BasisTreasury ManagementFinancial Management
FocusFocuses on handling the cash and liquidity of an organizationFocuses on overseeing every aspect of the performance and financial health of an organization.
FunctionInvolve risk management, loan and borrowing management, and cash flow management.Involves making financial judgments, evaluating financial facts, and developing and putting into practice financial plans.
Documents MaintainedInvolves overseeing financial items including derivatives, currencies, and bonds.Involves making investment choices, generating financial reports and budgeting, and managing assets and liabilities.
PerformanceTypically performed by a company's Treasury departmentTypically performed by a company's Finance department
ObjectivesKeeping adequate financial reserves and maximizing investment returns are among the objectives.Achieving long-term financial stability and optimizing shareholder value are among the objectives.

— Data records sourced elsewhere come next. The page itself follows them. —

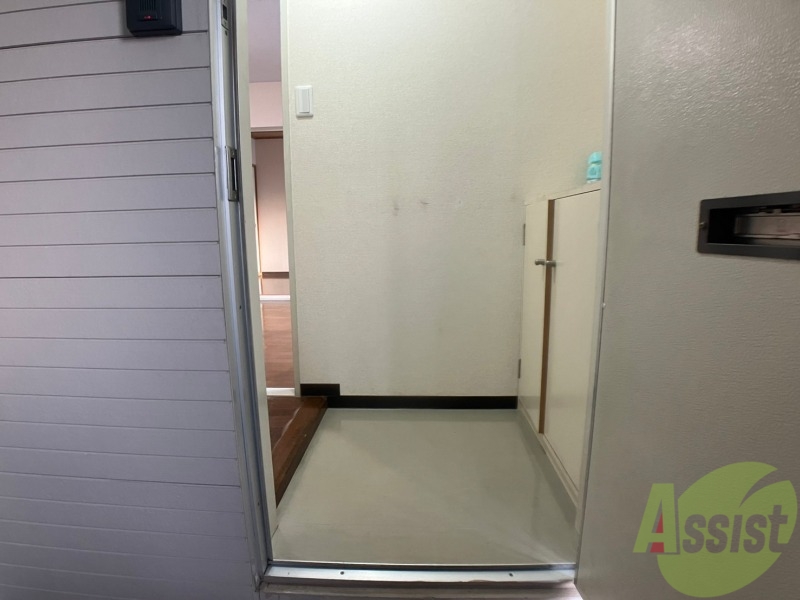 玄関　玄関の様子です。明るい印象ですね。気分もあがりそう。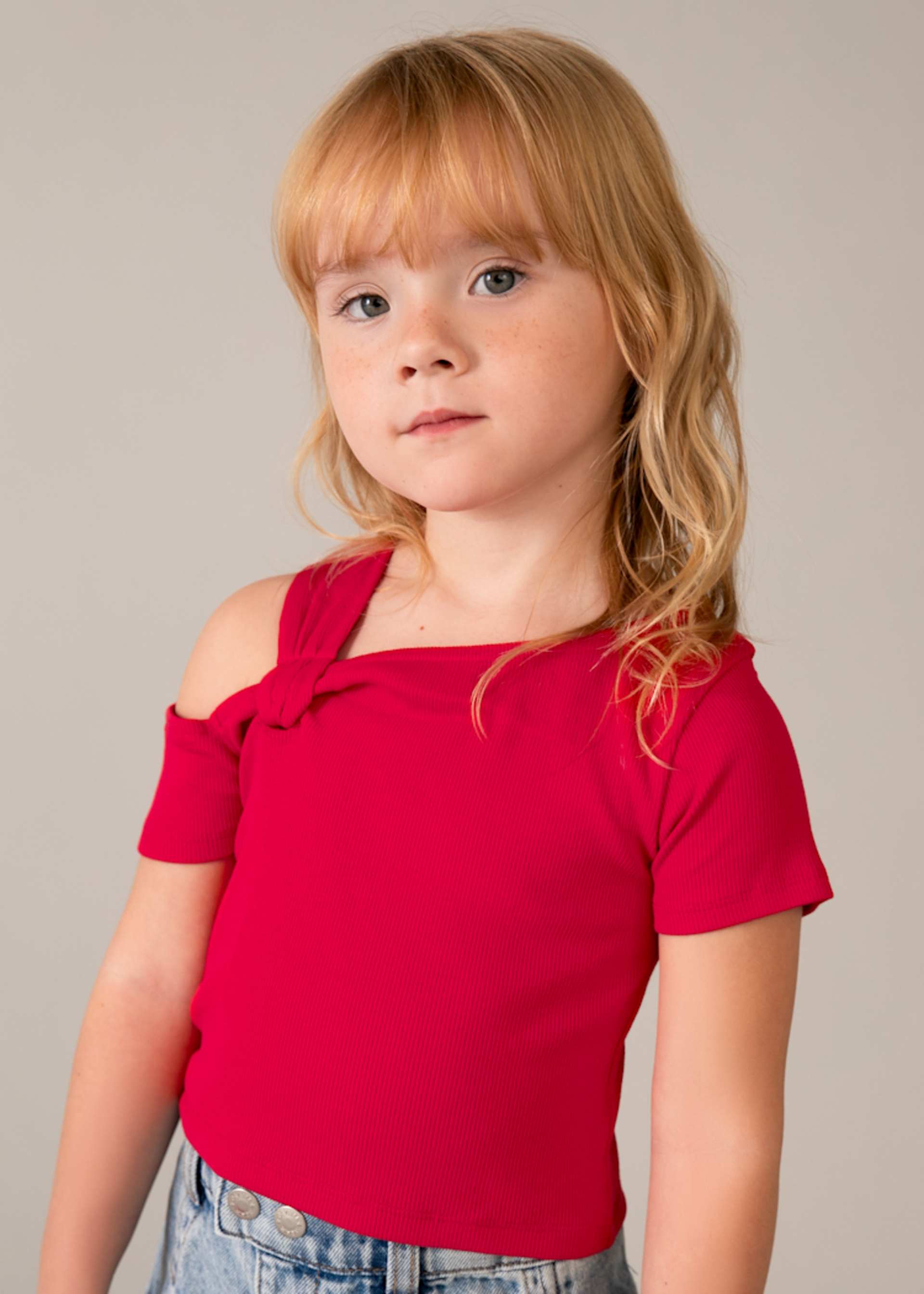 Asymmetric t-shirt girl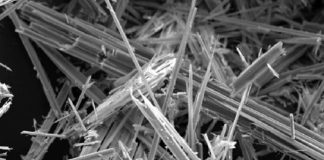 Imaxe microscópica de fibras de amianto.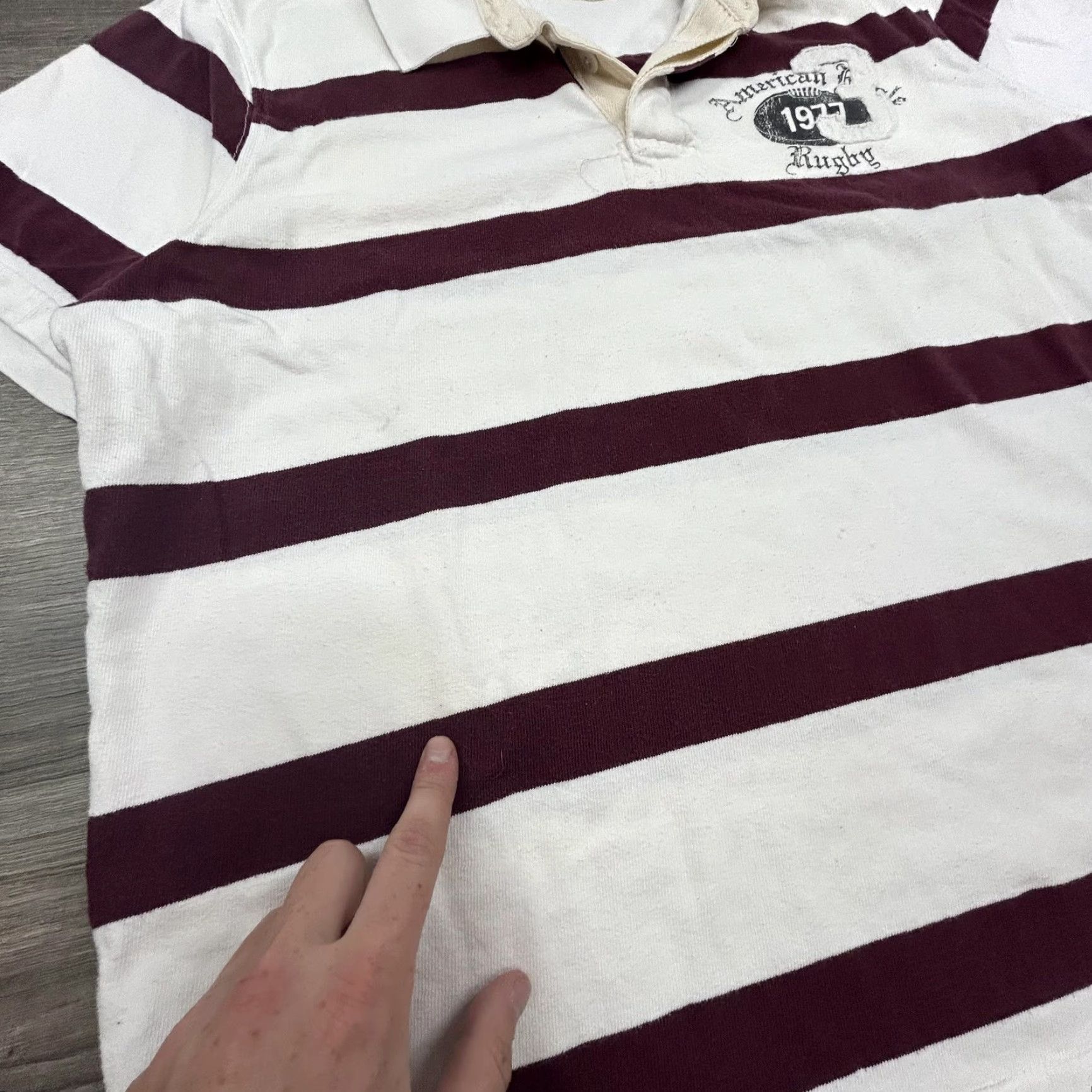 American Eagle Outfitters VINTAGE American Eagle Outfitters Rugby Shirt Mens L Polo White Maroon 90s Crest 1977 Size US L / EU 52-54 / 3 - 5 Thumbnail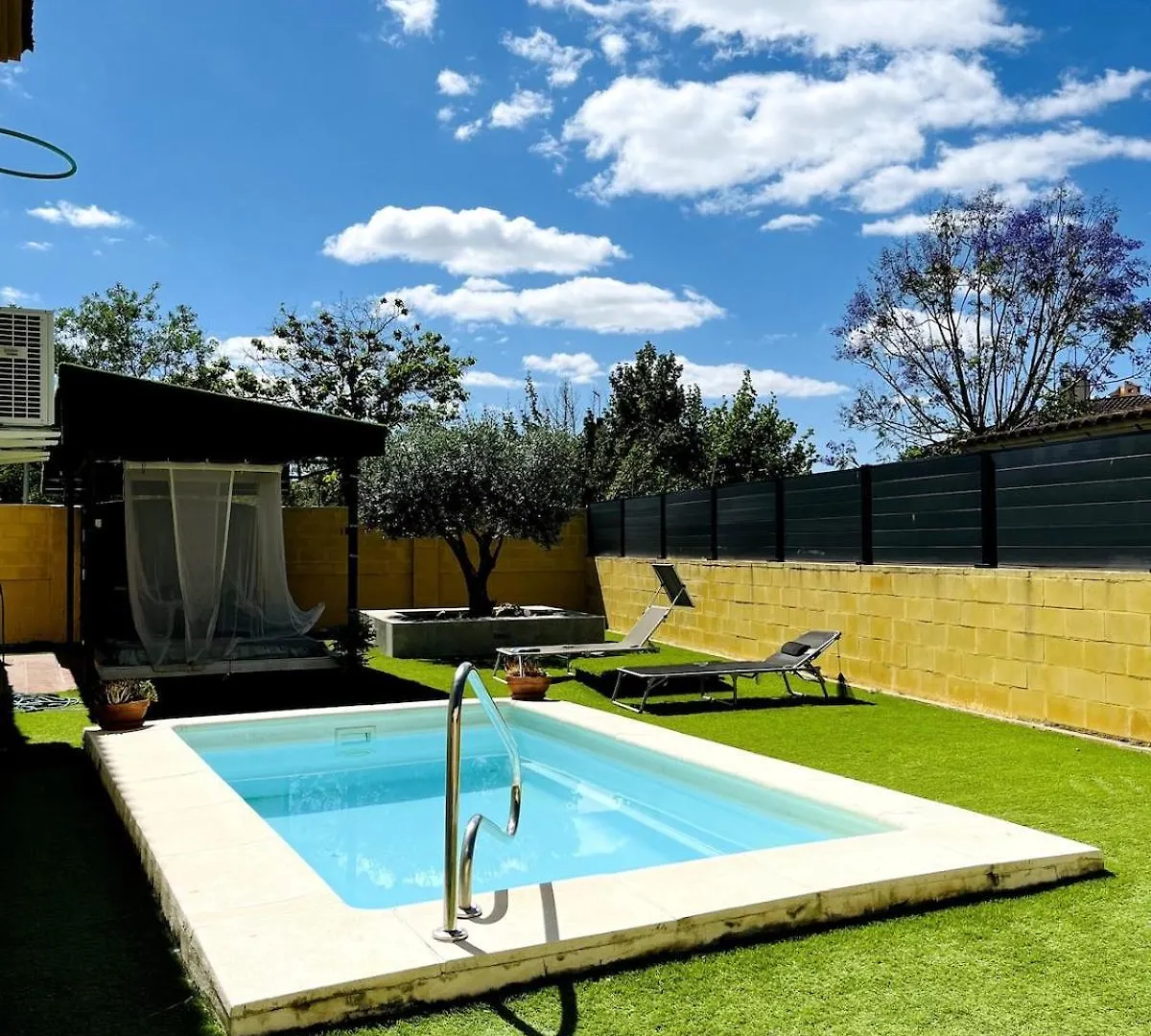 Casa Andaluza Con Piscina Y Jardin Privado En Gelves A 15 Minutos Del Centro De Sevilla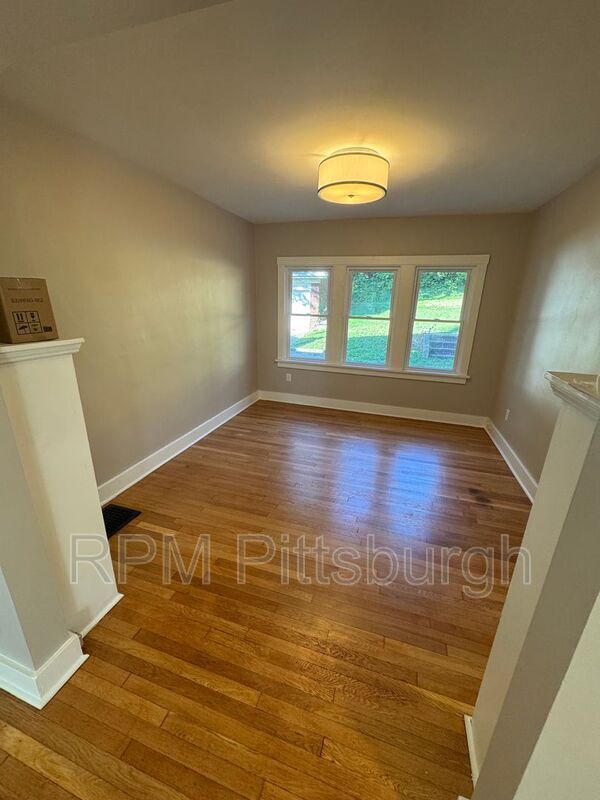 Foto del edificio - 107 N Meadowcroft Ave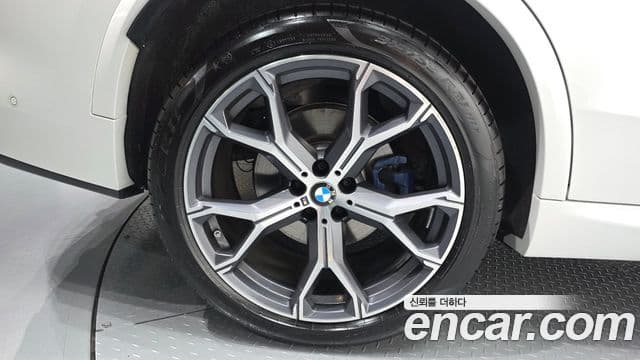 BMW X5 2025 — ფოტო 5/20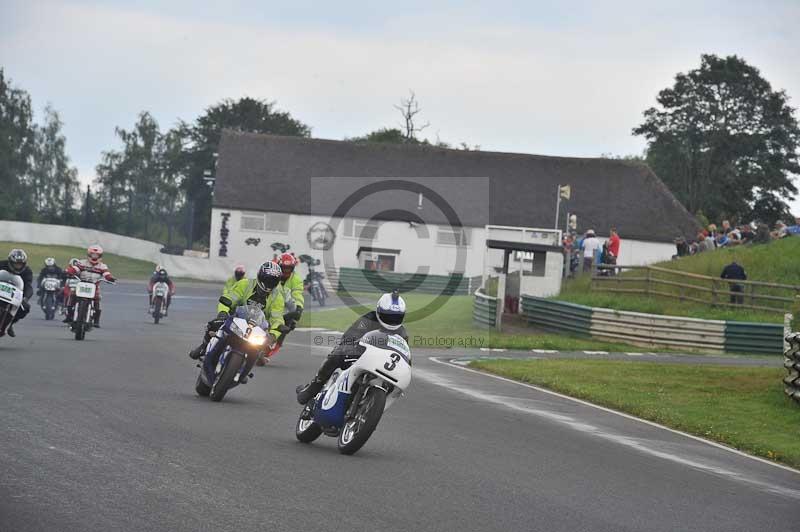 Mallory park Leicestershire;Mallory park photographs;Motorcycle action photographs;classic bikes;event digital images;eventdigitalimages;mallory park;no limits trackday;peter wileman photography;vintage bikes;vintage motorcycles;vmcc festival 1000 bikes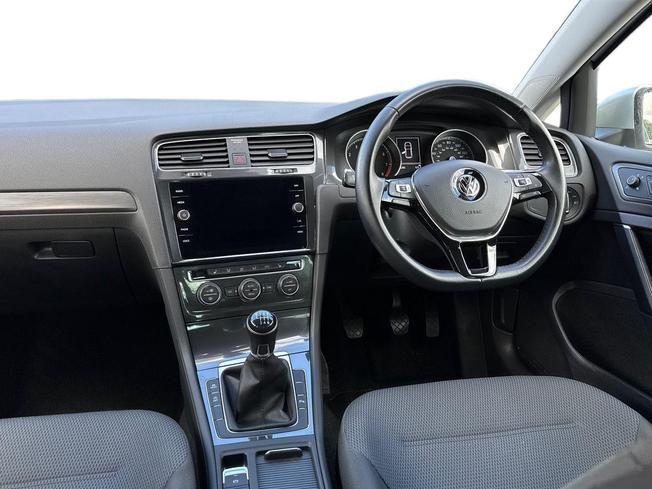 Volkswagen Golf Photo 11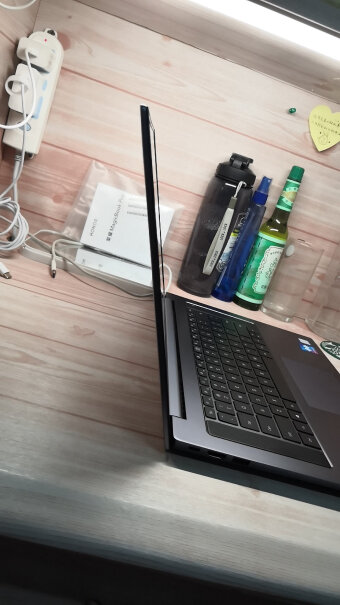 荣耀笔记本电脑MagicBookPro请问鼠标配有线的，还是蓝牙的呢？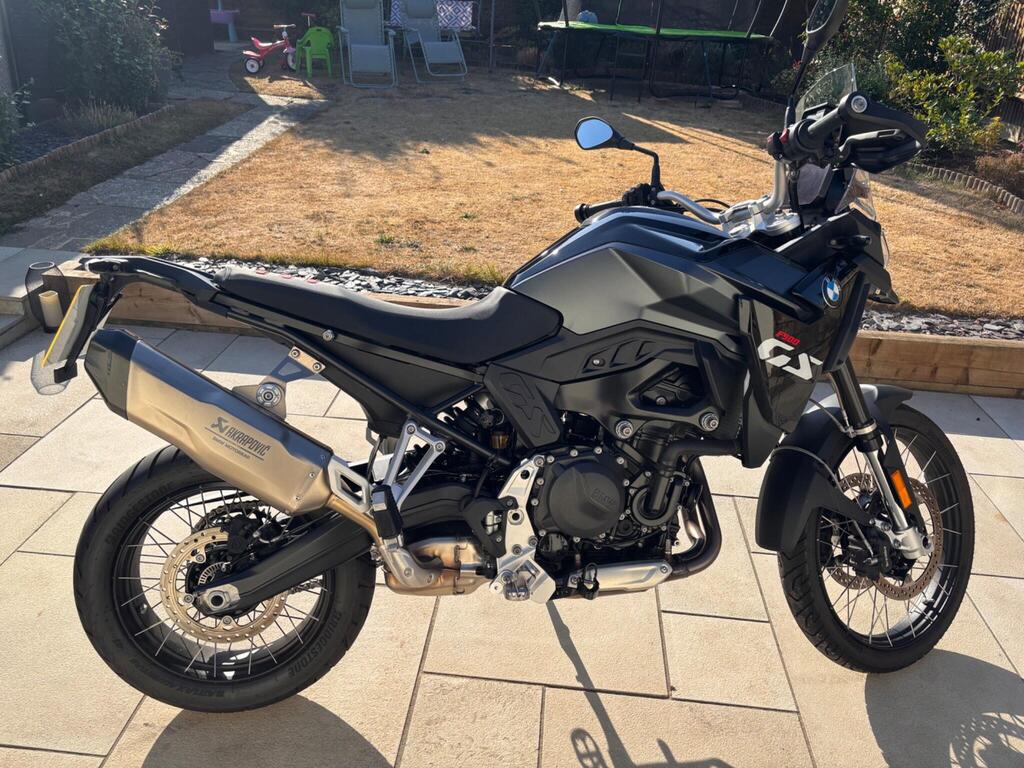 BMW F 900 GS
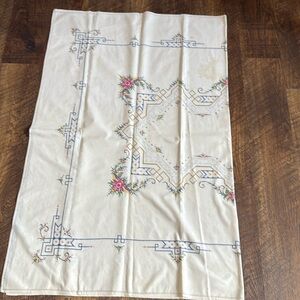 Vintage Exquisite Cross Stitch Tablecloth Linen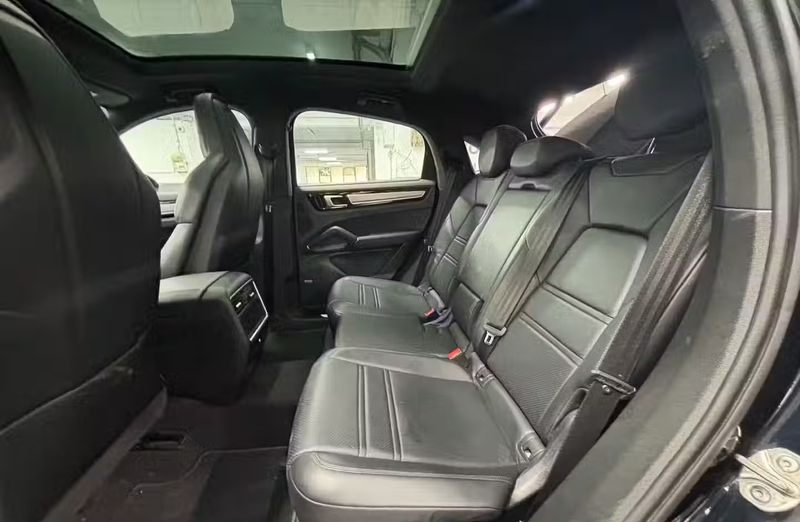 Porsche Cayenne Coupe • 2021 • 70,500 km 11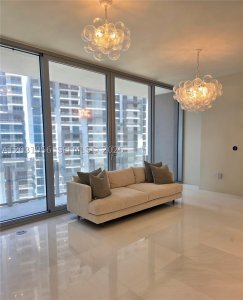 Aluguel de apartamento no Aston Martin Residences 2408W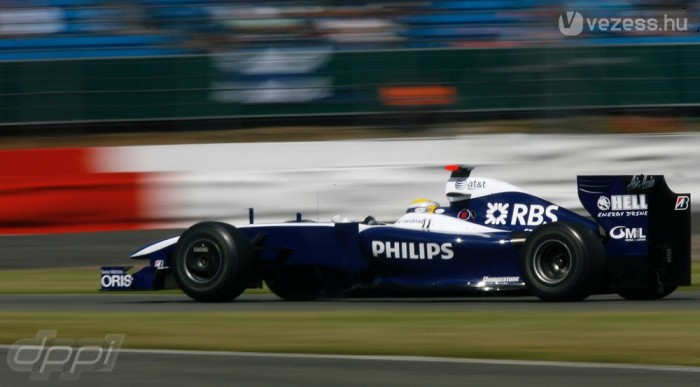 Rosberg: Dobogóra állhatunk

What Are The Primary Functions of Treasury Management?

  • Financial Management

The cash flow of a company is optimized by the treasury or cash management system. It does this by providing real-time insight into the company's financial status. Being aware of one's future financial requirements is another crucial component of cash management.

  • Risk Control

It helps companies to keep an eye on and control the financial risks related to their operations. Among the most important hazards that organizations encounter are those related to interest rates and foreign currency. A company's wealth may be more evenly distributed between cash and non-monetary assets with the aid of treasury management. Controlling the risk will strengthen the business's financial standing.

  • Compliance

The management system's compliance feature aids businesses in adhering to all financial reporting standards and legal obligations. Internal controls and rules are put into place by the treasury management system to guarantee honest and lawful financial operations.

  • Management of Transactions

It facilitates financial transactions for firms, including investments, payments, and receipts. Account reconciliation and transaction monitoring are made more efficient by the cash management system's enhancement and automation of the transaction cycle.

What Are The Primary Functions of Financial Management?

1. Assessment of capital requirements: A finance manager must assess the company's capital needs. This will rely on anticipated expenses and earnings as well as upcoming initiatives and policies of a company.
Appropriate estimations are necessary to boost an enterprise's earning potential.

2. Capital composition determination: Following the estimate, a capital structure decision must be taken.

Both short-term and long-term debt equity evaluations are included in this. This will rely on the percentage of equity capital that a business owns as well as any more money that has to be obtained from other sources.

3. Funding sources: A corporation may raise extra money in several ways, including:

  1. Issuing shares and debentures
  2. Banks and other financial institutions will provide loans.
  3. The drawing of public deposits in the form of bonds.

The proportional benefits and drawbacks of each source and the length of funding will determine which element is chosen.

4. Financial allocation: In order to ensure that investments are secure and that regular returns are feasible, the finance manager must choose which lucrative endeavors to invest cash in.

Key Distinctions Between Treasury Management and Financial Management:

Various aspects of an organization's financial operations are handled by the related but separate disciplines of treasury management and financial management. The primary distinction between financial and treasury management is that the former concentrates on managing an organization's long-term financial performance and plan of action, while the latter manages an organization's short-term financing and financial risk.

To summarize, financial management encompasses more than just the day-to-day administration of an organization's short-term financial resources. Treasury management, on the other hand, is a subset of financial management that focuses on the long-term financial strategy and execution of an organization as well as its overall handling of finances.